As reported by Inside Asian Gaming, Star is said to be on the verge of collapse following a second finding of unsuitability in NSW, home of The Star Sydney, and has asked governments in both NSW and Queensland for tax relief. The NSW government, which has already postponed a substantial increase in poker machine tax and granted an extension to the deadline for introducing mandatory cashless gaming, has reportedly rejected any further relief.
However, the Queensland state government is said to be considering some sort of assistance given that Star only last week held the Grand Opening for its AU$3.6 billion Queen’s Wharf Brisbane development – seen as a critical piece of tourism infrastructure for the city.

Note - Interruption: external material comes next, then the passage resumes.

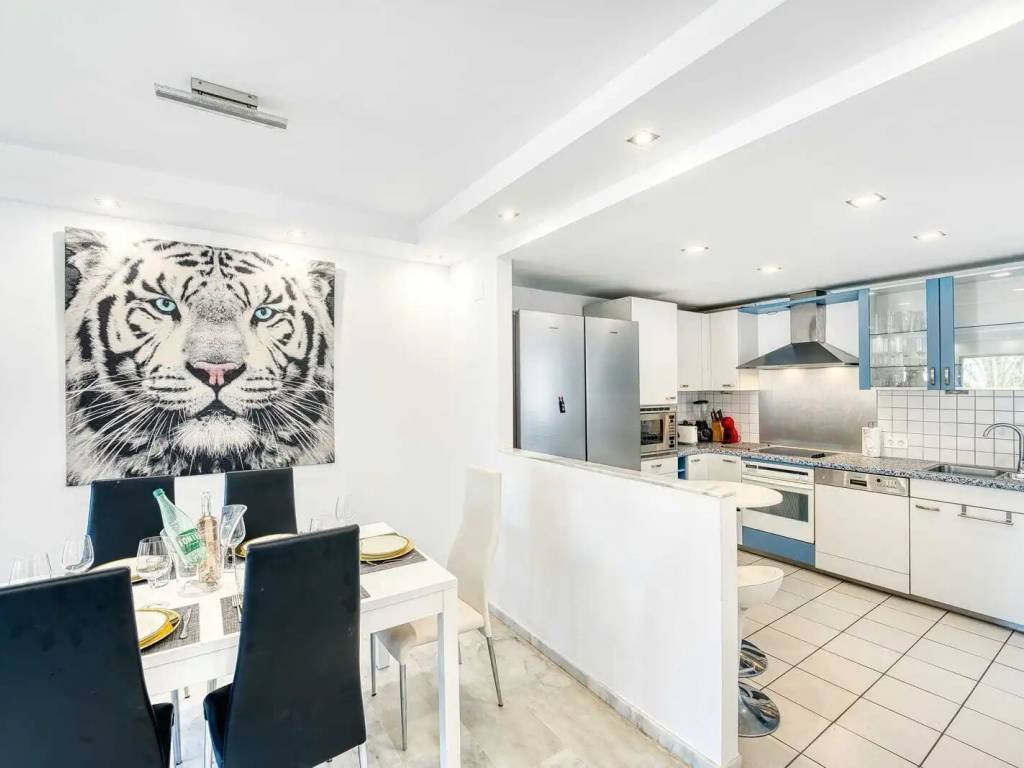 Pis de 200 m² a Estepona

Queensland is also home to The Star Gold Coast.
Providing a Market Update via the ASX on Wednesday, Star confirmed it is “currently reviewing its financial and liquidity position with various advisers in the context of seeking to finalize its preliminary financial report for the financial year ended 30 June 2024 (FY24), including holding discussions with various stakeholders in relation to its liquidity position in light of adverse trading and other conditions.
“The Company confirms that the advice being provided has extended, from time to time, to considering the application of provisions of the Corporations Act 2001 (Cth) (including the safe harbour provisions).
“The Company is working to finalize its FY24 preliminary financial report, although the timing of its release has not been finalized.”
Star’s perilous financial position stems from a combination of significantly higher compliance costs imposed due to historical AML and responsible gambling failures, a softer domestic gaming market due to economic tightness, and the absence of international high rollers.